Contributed By Norburg & Scherp Advokatbyrå
There are no form requirements for an arbitration agreement to be enforceable under Swedish law. Thus, an arbitration agreement can be entered into in writing or orally, or can be formed by the conduct of the parties. The general principles under Swedish contract law also apply to the formation and interpretation of arbitration agreements.
As regards the substance of the arbitration agreement, three cumulative requirements must be fulfilled according to the Arbitration Act. First, there must be an agreement between the parties to refer the dispute to arbitration. Second, the arbitration agreement must identify a defined legal relationship to be covered by the arbitration agreement. Third, there must be a clear reference to arbitration and not to some other form of dispute resolution.

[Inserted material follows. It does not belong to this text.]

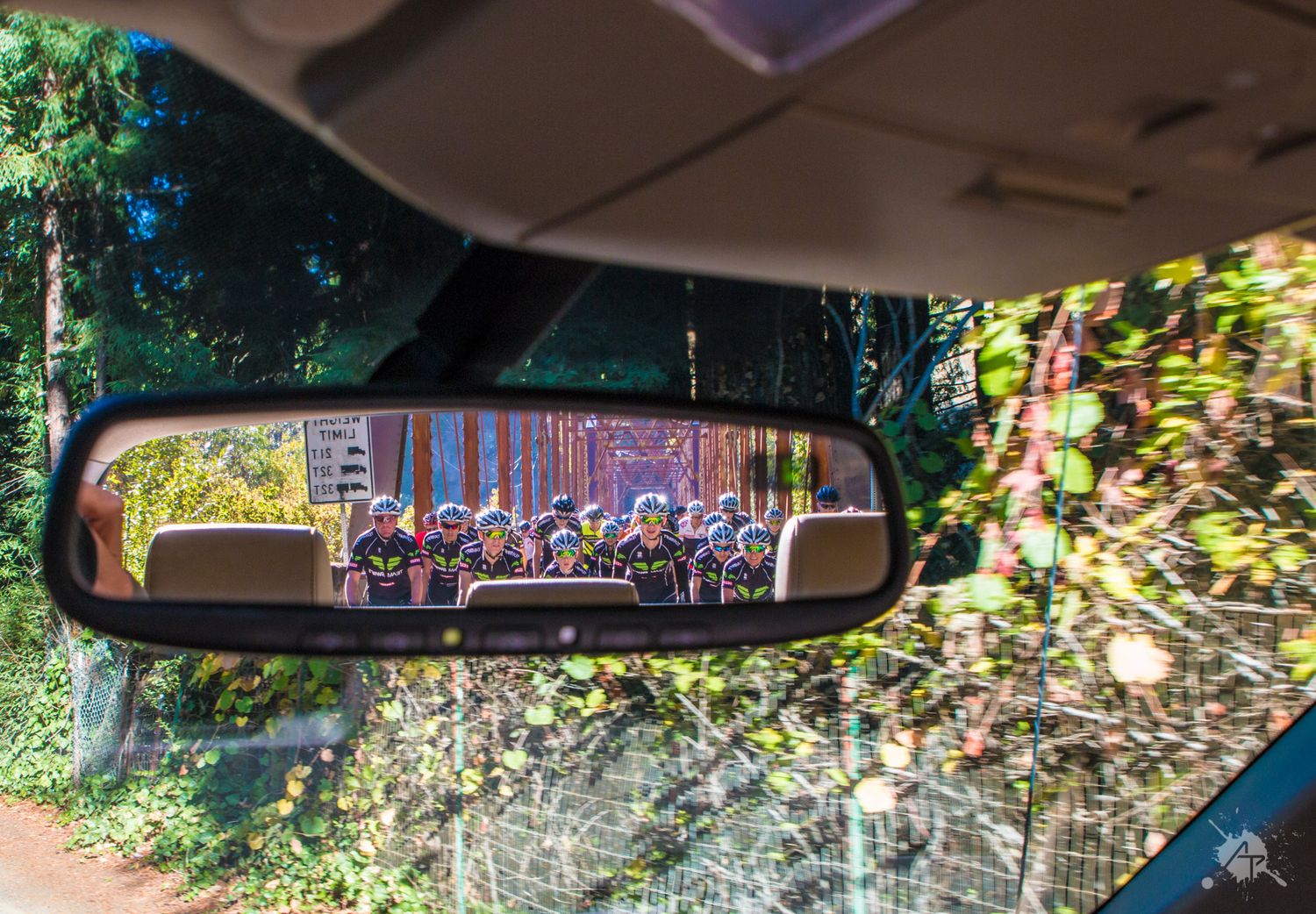 Looking up through a car windshield at sunlit trees and foliage on a sunny day with rearview mirror visible.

A dispute is arbitrable under Swedish law only if it can be settled by agreement between the parties. Since parties are generally entitled to settle commercial disputes by way of agreement, arbitrability is seldom an issue in commercial arbitration in Sweden. Examples of issues that are incapable of settlement include those concerning third party interests, rights in rem declaration of bankruptcy, claw-back disputes and taxation. Arbitrability is determined both by Swedish law and by the law governing the arbitration agreement. Unless otherwise agreed, the arbitration agreement is governed by Swedish law if the seat of the arbitration is Sweden.
Swedish courts generally have an arbitration-friendly approach, so tend to uphold arbitration agreements.
Invalidity of the main contract does not automatically affect the jurisdiction of the tribunal under the arbitration agreement. The validity of the arbitration agreement shall be determined independently in accordance with the doctrine of separability that is incorporated in Section 3 of the Arbitration Act.